Exercise
Copy the entries word for word. Keep the pictures out.

Task inputs
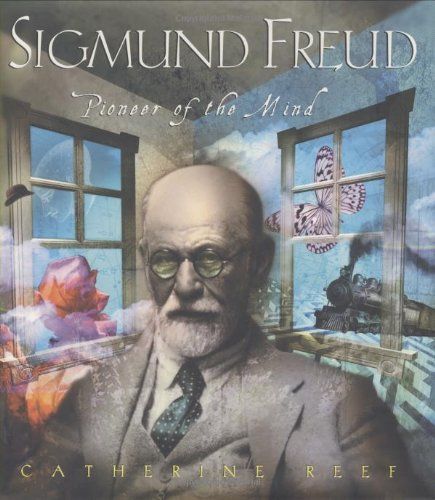 Sigmund Freud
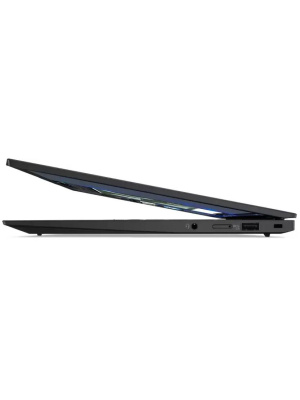  Lenovo ThinkPad X1 Carbon G11, 14" (2880x1800) OLED/Intel Core i7-1360P/32  DDR5/1024  SSD/Intel Iris Xe Graphics/Windows 11 Pro,  (21HMA0BVCD_PRO)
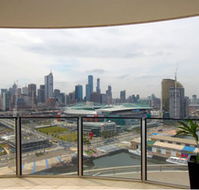 Apartments  Docklands - Accommodation Gold Coast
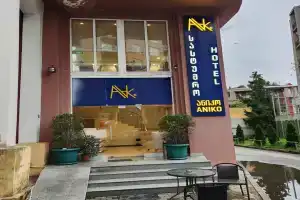Отель «Aniko», Батуми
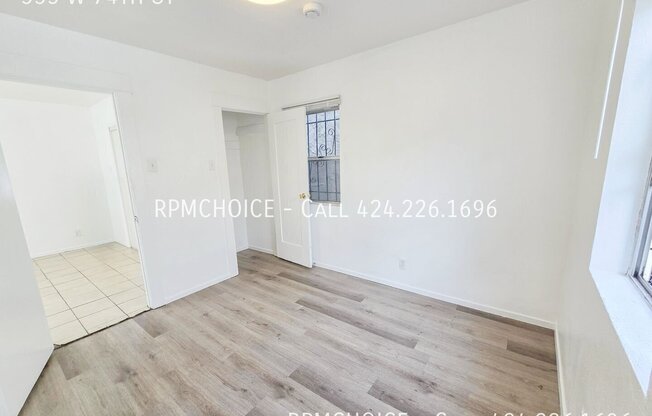 Partner-provided property photo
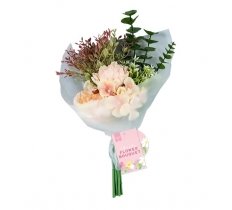 Mother's Day Artificial Gift Bouquet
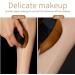 Foundation Makeup Brush 3Pcs Face Blush Liquid Powder Foundation Brush High-Density Seamless Foundation Brush Suitable for Mixed Liquid Cream Or Powder Cosmetic - Buy Online on GoSupps.com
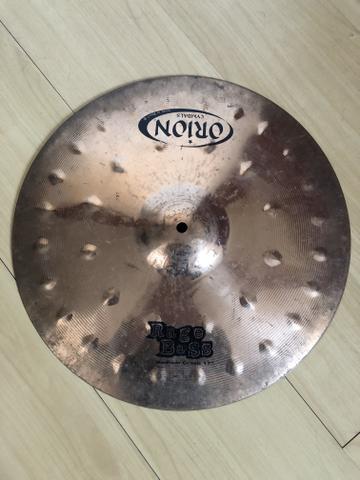 Prato Orion Rage Bass 17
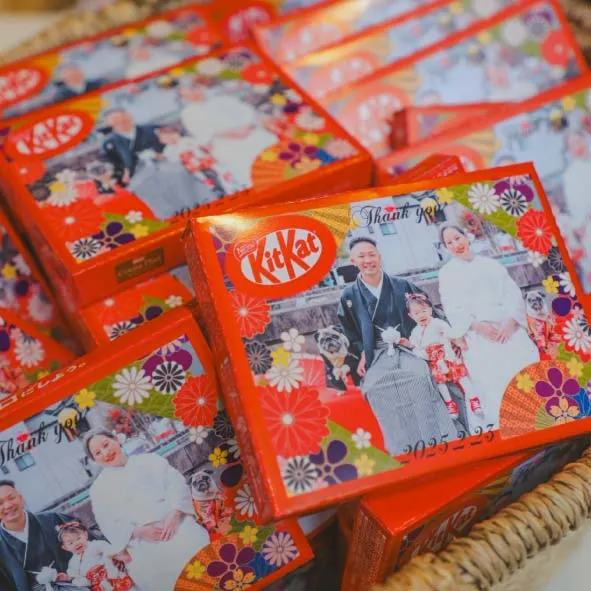 レポートギャラリー画像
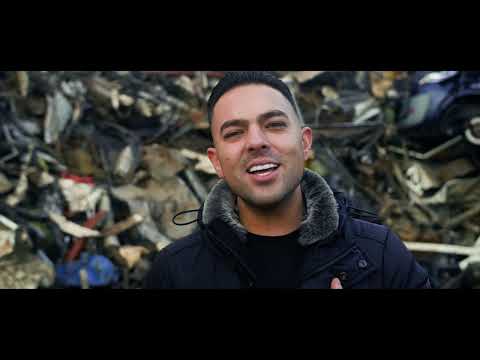 Mike Griek - Ik Hou Van De Handel (Official Videoclip)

Task response
 Sigmund Freud
  Lenovo ThinkPad X1 Carbon G11, 14" (2880x1800) OLED/Intel Core i7-1360P/32  DDR5/1024  SSD/Intel Iris Xe Graphics/Windows 11 Pro,  (21HMA0BVCD_PRO)
 Apartments  Docklands - Accommodation Gold Coast
Отель «Aniko», Батуми
 Partner-provided property photo
 Mother's Day Artificial Gift Bouquet
 Foundation Makeup Brush 3Pcs Face Blush Liquid Powder Foundation Brush High-Density Seamless Foundation Brush Suitable for Mixed Liquid Cream Or Powder Cosmetic - Buy Online on GoSupps.com
 Prato Orion Rage Bass 17
 レポートギャラリー画像
 Mike Griek - Ik Hou Van De Handel (Official Videoclip)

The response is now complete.